Jadi, ia hanya bisa mengingat pesan Wei Wei, melindungi bayi dalam pelukannya.

“Dor!”

Di saat itulah, suara tembakan mendadak terdengar.

Sebuah peluru melesat dari samping, tepat menghantam kepala mayat bergaun pengantin itu.

Peluru Penakluk Setan Tipe 1: Kepala Hijau.

Meski bahan koagulan di dalam peluru ini tidak memberi banyak efek pada mayat hidup seperti ini, namun kekuatan hentaknya tetap membuat kepala mayat itu terpelintir ke samping, lehernya mengeluarkan suara robekan.

“Aku belum selesai bicara denganmu...”

Wei Wei melangkah mendekat sambil memegang pistol hitam pendek, wajahnya tampak sedikit kesal, “Apa kau tak punya sopan santun?”

“……”

Sambil berbicara, moncong pistolnya terus memuntahkan semburan api.

“Dor dor dor dor dor...”

Satu per satu peluru meledak menghantam tubuh mayat itu.

Dengan kekuatan peluru seperti ini, seharusnya setiap tembakan bisa membelah tubuh mayat itu dalam dua.

Bagian yang terkena peluru pasti terlepas dari tubuh.

Namun kini, mayat bergaun pengantin itu terlindungi oleh medan gaya aneh yang rapat, membuat daya rusak peluru sangat berkurang.

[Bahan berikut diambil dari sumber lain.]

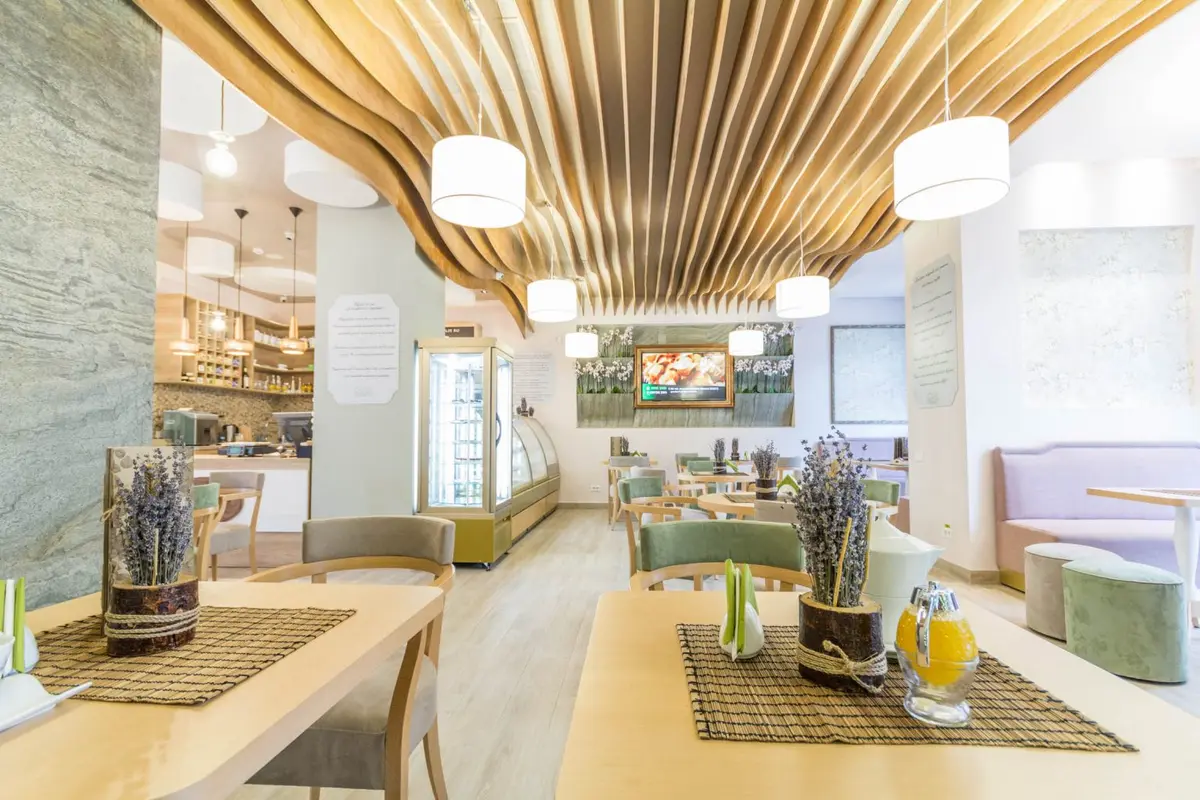 Amenajare Casa Naturalia oaza urbana cu delicatese bio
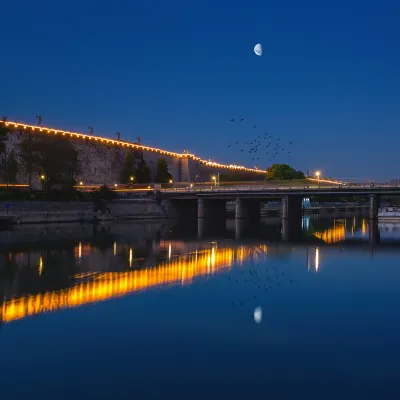 Yangzhou Crystal Slender West Lake Vientiane Hui Hotel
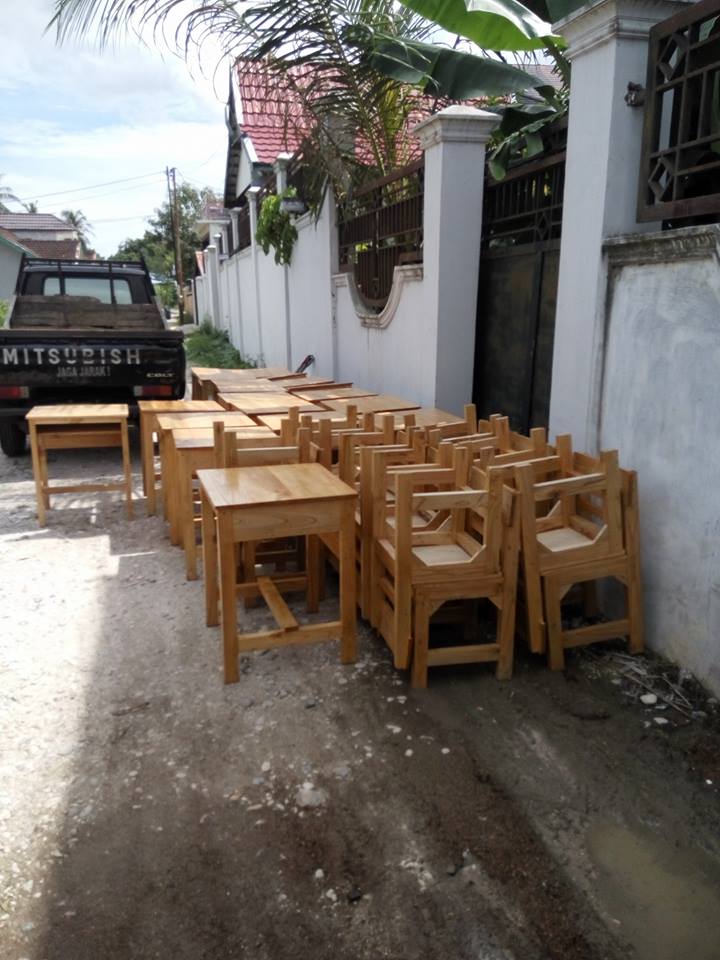 Jasa pembuatan Meja dan Kursi  Sekolah di  Banjarmasin  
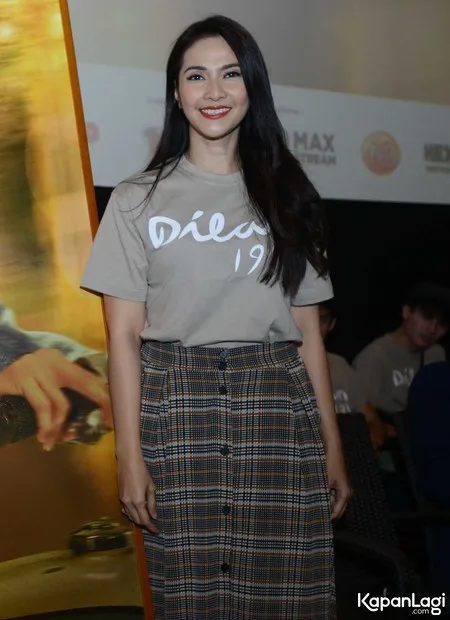 Foto Maudy Koesnaedi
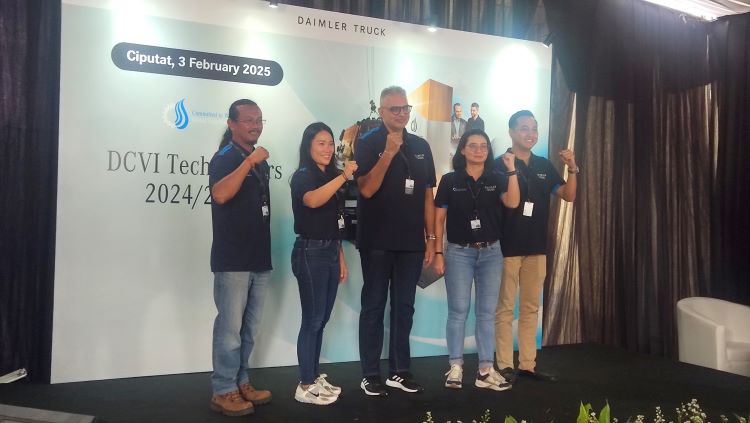 Petinggi PT Daimler Commercial Vehicles Indonesia (DCVI) dalam konfrensi pers terkait kompetisi DCVI TechMasters 2024-2025 di Ciputat, Tangerang Selatan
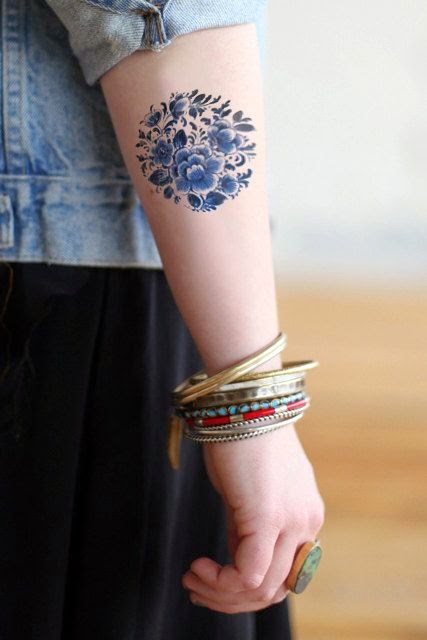 chica con tatuajes pequeños y muy lindos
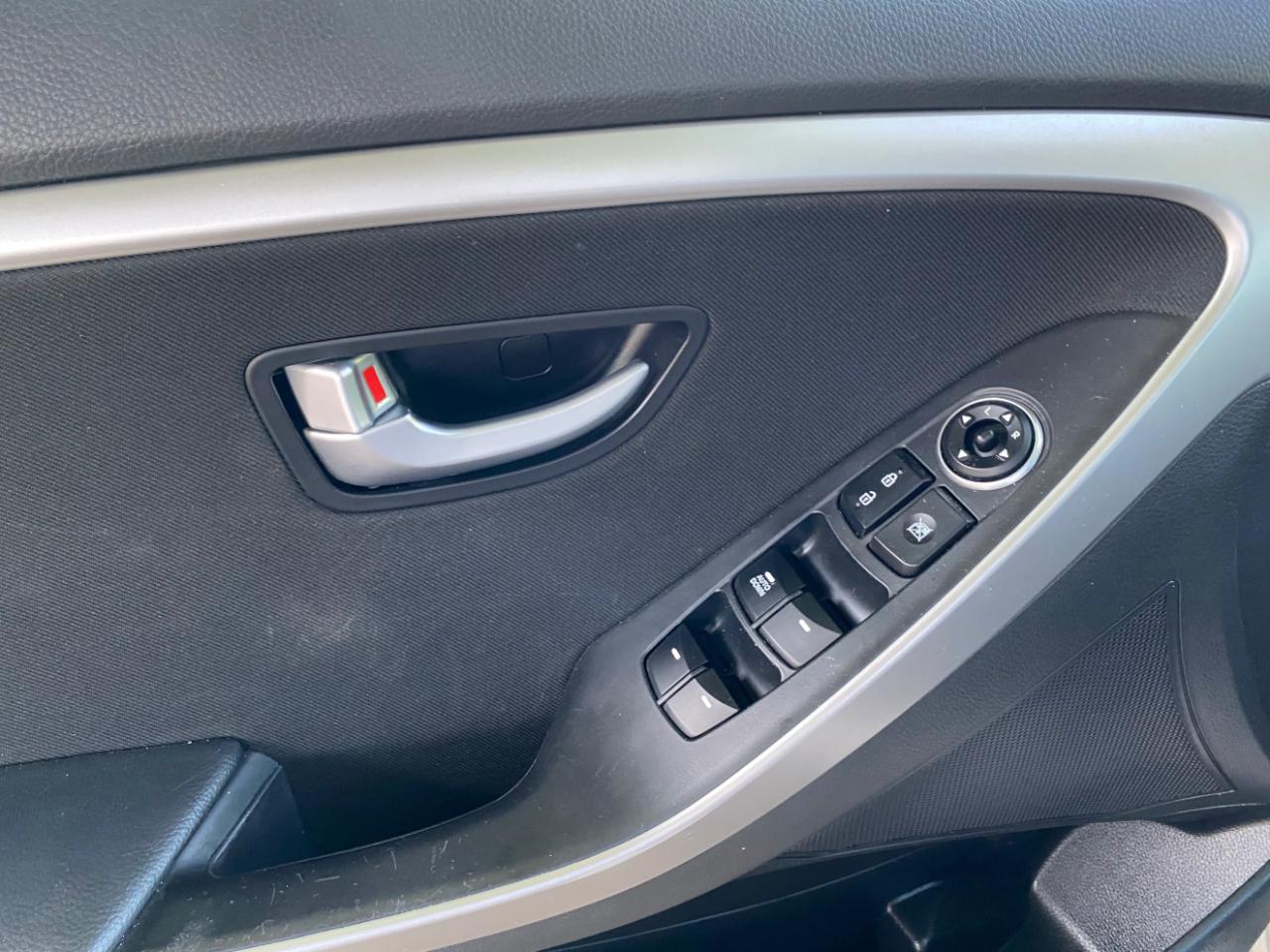 Hyundai Elantra GT 5dr HB Auto 2014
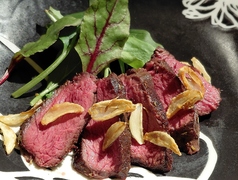 鹿肉のステーキ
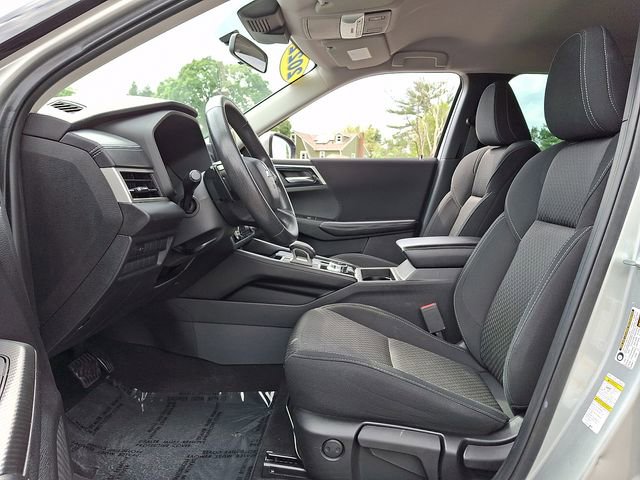 Used 2022 Mitsubishi Outlander ES FWD image 12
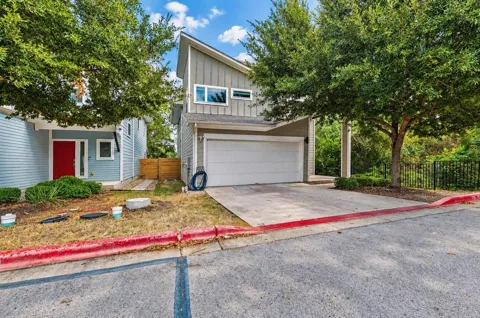 602 Bernstein Street #18
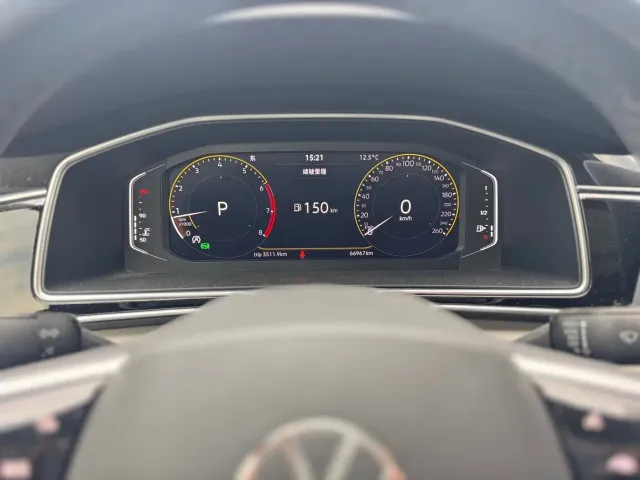 Volkswagen Tiguan L — Фото автомобиля 19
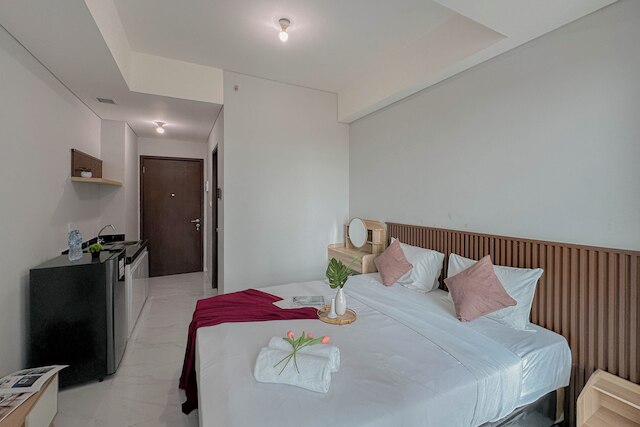 シンプル スタジオ アット ザ トランス アイコン スラバヤ アパートメント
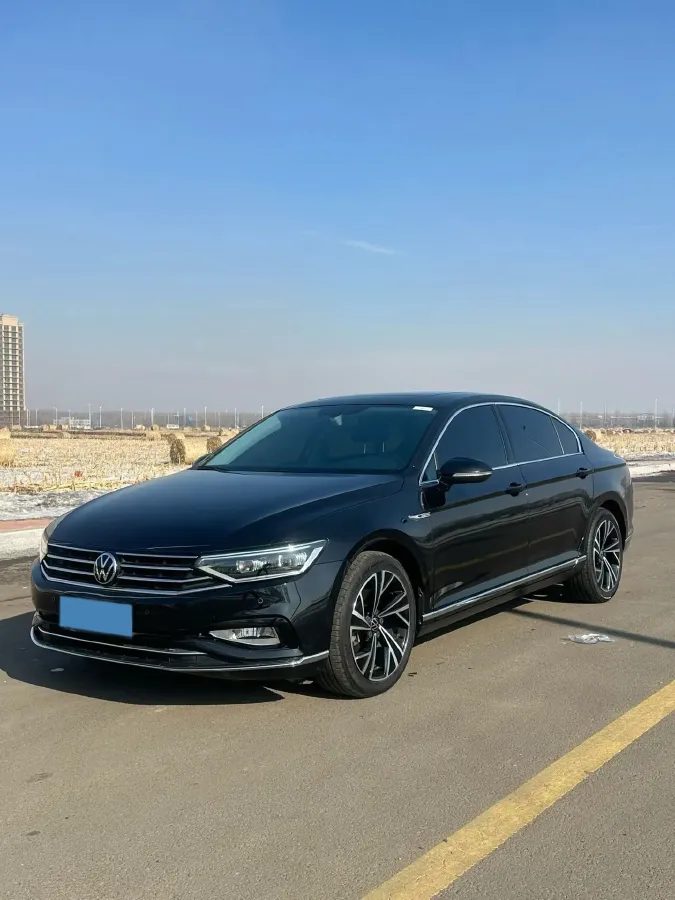 2021 Volkswagen Magotan 2.0T 186HP L4 7DCT,autocango,china used car exporter,china ev exporter,chinese used car exporter,chinese used ev exporter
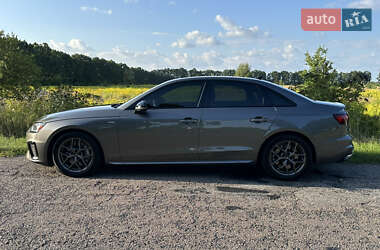Седан Audi A4 2020 в 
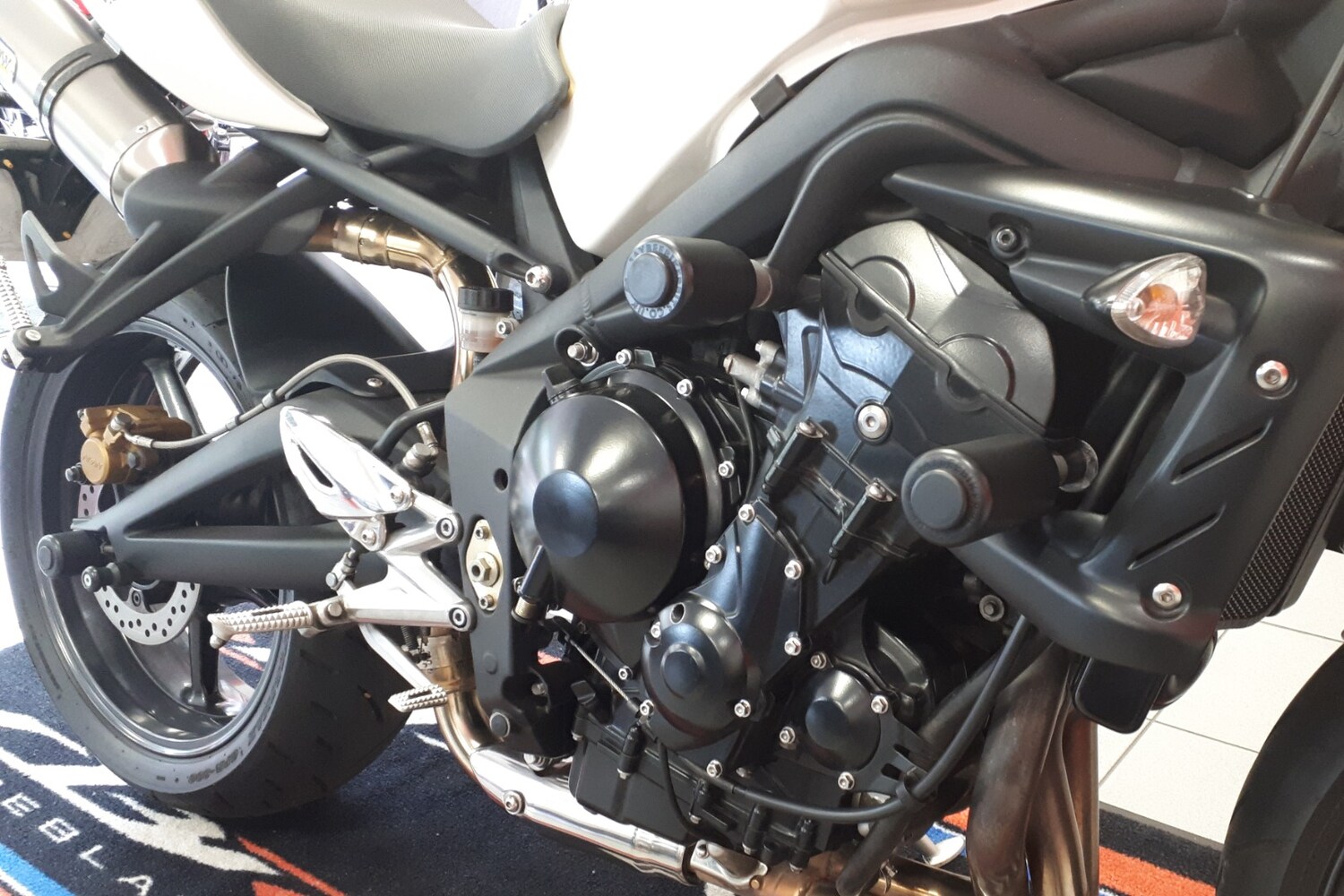 Triumph STREET TRIPLE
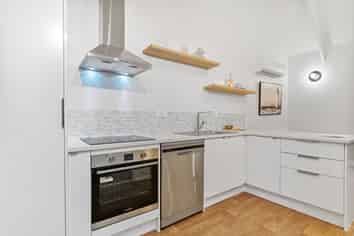 2/24 Great south road,, Papakura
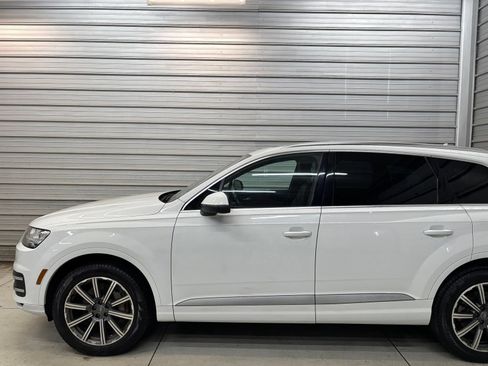 Used 2017 Audi Q7 3.0T Premium Plus AWD/4WD image 3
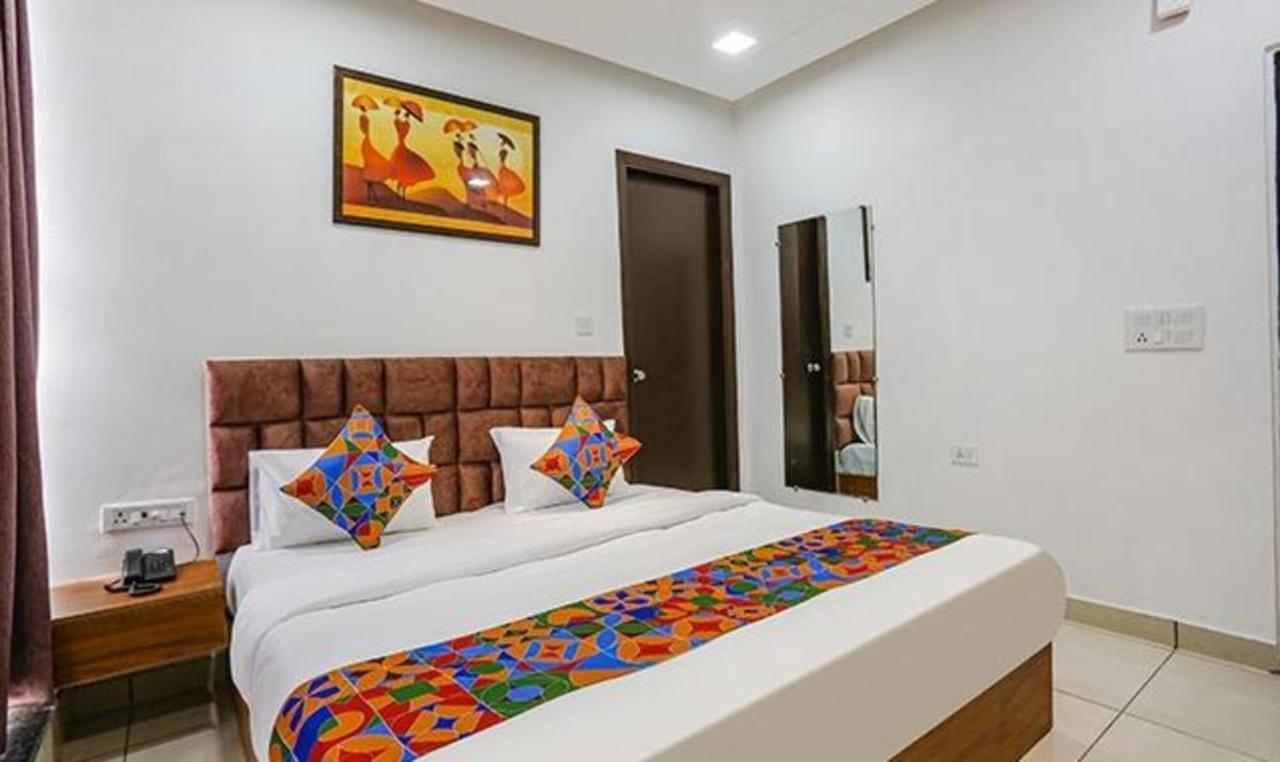 Hotel Fabexpress Shine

Tubuhnya hanya menjadi terpuntir dan sendi-sendi bergeser, lalu dengan cepat melompat ke dinding, merayap ke langit-langit.

Ia bergerak lincah di langit-langit, menghindari tembakan sambil melirik ke arah Wei Wei dengan tatapan dingin.

“Kau, pendosa sombong yang menghina dewa, bahkan tak tahu bagaimana nasibmu nanti...”

“……”

Wei Wei mendengarkan dengan saksama, lalu menyiapkan peluru lain, siap memasukkan ke dalam pistol.

Mayat wanita bergaun pengantin itu kini menatap dengan penuh kebencian, lalu tiba-tiba bibirnya yang kebiruan mulai bergerak cepat.

Terdengar gumaman lirih, rapat, sepenuhnya tak bisa dipahami, seperti bisikan dari neraka yang tiba-tiba menggema.

Suara itu sangat tajam dan aneh, tak seperti suara yang bisa dikeluarkan pita suara manusia, seolah suara itu punya nyawa sendiri dan langsung menyerbu ke dalam kepala.

“Apa itu...”

Ye Feifei spontan merasa ngeri mendengar suara itu, seolah dunia nyata tiba-tiba berubah menjadi mimpi buruk yang akrab.

“Bahasa iblis.”

Wei Wei pun tertegun sejenak, menatap pelurunya dengan sedikit sayang.

Ia menjawab pelan, “Itu bahasa yang memungkinkan bicara dengan iblis...”

Sembari berkata, ia menoleh ke luar rumah beton, sudah terdengar suara kepakan sayap aneh dari kejauhan.